Souvent, je me dis tant pis, parce que je n'ai pas envie de modifier, et surtout : modifier ferait dévier le récit, enlèverai quelque chose d'important, casserait une métaphore soigneusement filée et emmêlée...
Par exemple le lac en hiver (voir "le ventre du lac" et "la chauffeuse, on la tutoie") est très bas.
Mais dans Les Adolescents troglodytes, il doit être en hiver comme en été, à raz de la forêt qui l'entoure, sinon, "ça" ne marche pas, "ma" descente groupée dans la tempête.
Alors cet hiver j'y suis descendue pour "rien" avec mon "grand" (car ces vérifications sont aussi, très souvent, des prétextes à promenades).
J'y suis descendue en haussant les épaules, bon, tant pis.
Mais je vérifie, quand même, souvent, même si c'est pour me dire "tant pis".
Et parfois, "ça" n'est pas pareil mais c'est tant mieux.
Parce que c'est encore plus comme "dans" le roman.
Parce que cela me permet plein de choses qui vont dans le sens de l'écriture.
Hier, je suis allée dans la grotte "vérifier" mes souvenirs (accompagnée de cette petite tête à droite, car ces vérifications sont aussi, donc, des promenades).
C'est l'ancienne maison du gardien du lac arrangée pour les touristes.
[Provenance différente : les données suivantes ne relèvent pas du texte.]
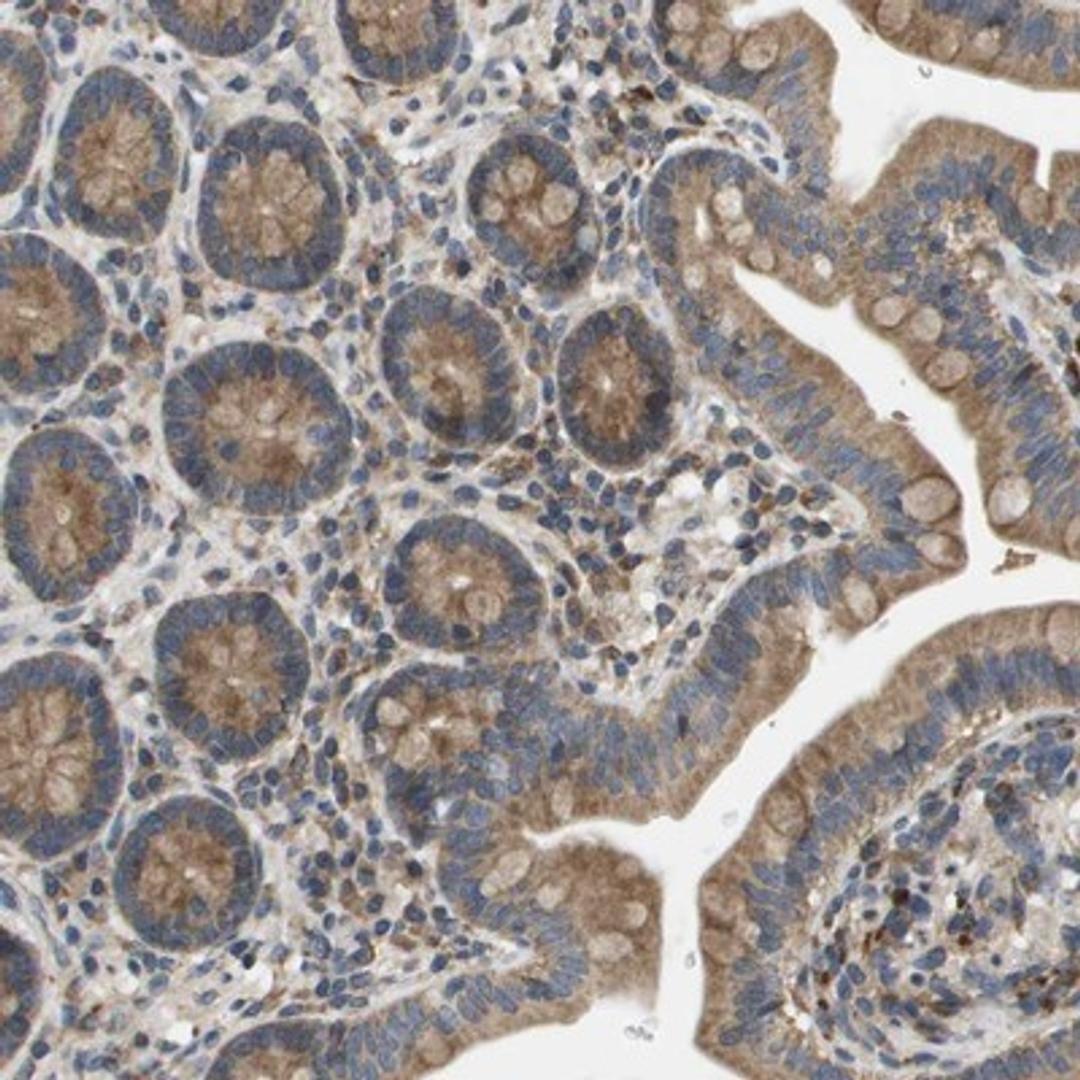 Immunohistochemistry-Paraffin: SLC25A20 Antibody [NBP1-86690] - Staining of human small intestine shows moderate cytoplasmic positivity in glandular cells.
Des vitres protègent les meubles d'époques et autres curiosités des mêmes touristes et curieux pour lesquels ils ont été soigneusement disposés.
Il montre Julien et Sylvain en face, les visages dans la vitre, en train de se manger du froid, appuyant des grimaces pleines de bave fraîche sur la paroi de verre dans une sorte de concours. Sylvain a gardé sa capuche et ça rend encore plus énormes les déformations de sa bouche.
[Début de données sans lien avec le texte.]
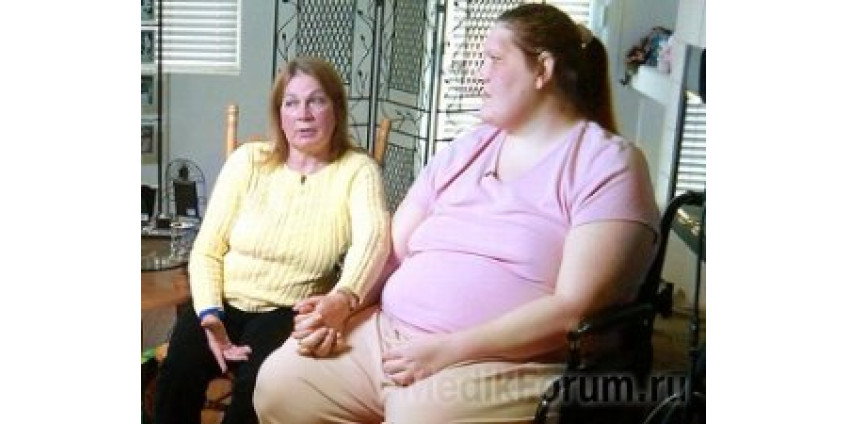 Жительница Невады умирает от акромегалии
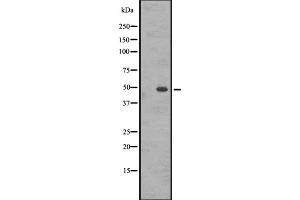 Western blot analysis of GASR expression in A431 whole cell lysate ,The lane on the left is treated with the antigen-specific peptide. (CCKBR Antikörper  (N-Term))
Les Adolescents troglodytes, à paraître (POL, janvier 2007)
Je me suis trouvée devant la vache traversée des néons disposés au raz du sol. J'ai levé les yeux par réflexe (haut/bas, etc)...
Et j'ai pu voir que les vitrines ne vont pas jusqu'en haut.
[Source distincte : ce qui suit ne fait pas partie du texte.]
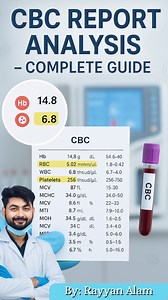 How to Read CBC blood test Report|| #labtechnician #CBCtest #bloodtest #bloodtestreport | Rayyan Alam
Je le savais, mais je ne me l'étais jamais formulé : il y a un passage entre le haut des vitrines et le plafond de la grotte.
Oui, ça n'a l'air de rien, mais mes ados n'auront plus besoin de casser les vitres. Bon, c'est pas que ça les gênait beaucoup, dans l'histoire, mais ça n'avait aucune utilité autre que diégétique, et moi j'aime bien quand tout fait sens.
Je vais pouvoir travailler plus encore le corps de mes ados : il va falloir les faire se hisser et glisser au-dessus des parois de verre, il faudra qu'il s'aident, se tiennent, se portent, et ça, c'est extraordinaire, c'est exactement ce qu'il me manquait.
Mais ce n'est pas tout. Paul s'impatientait et faisait le couillon pendant que je filmais et prenais des photos et réfléchissais... Il a donc tout naturellement passé son bras entre les vitres...
Les vitres sont disjointes à certains endroits.
Je le savais, mais je ne me l'étais jamais formulé : les vitres ont de menus passages verticaux.
Mes ados vont pouvoir se faire passer des choses, voire de petites mains de sixième entre les différentes parties de la grotte, et ça c'est aussi extraordinaire, c'est aussi exactement ce qu'il me manquait.
Je n'ai pas le temps, ni la concentration nécessaire, là, ces jours-ci, pour écrire (Paul sait très bien "dé-écrire" ce qu'il me donne à décrire, parce qu'une maman qui écrit, c'est pas toujours des promenades marrantes en perspective...). Et puis, il faut que je laisse reposer ces images, mais je languis, je ne sais pas comment expliquer, je languis de me mettre à ces passages, je languis qu'ils me passent dans le bras, la main. Je languis de me les faire venir.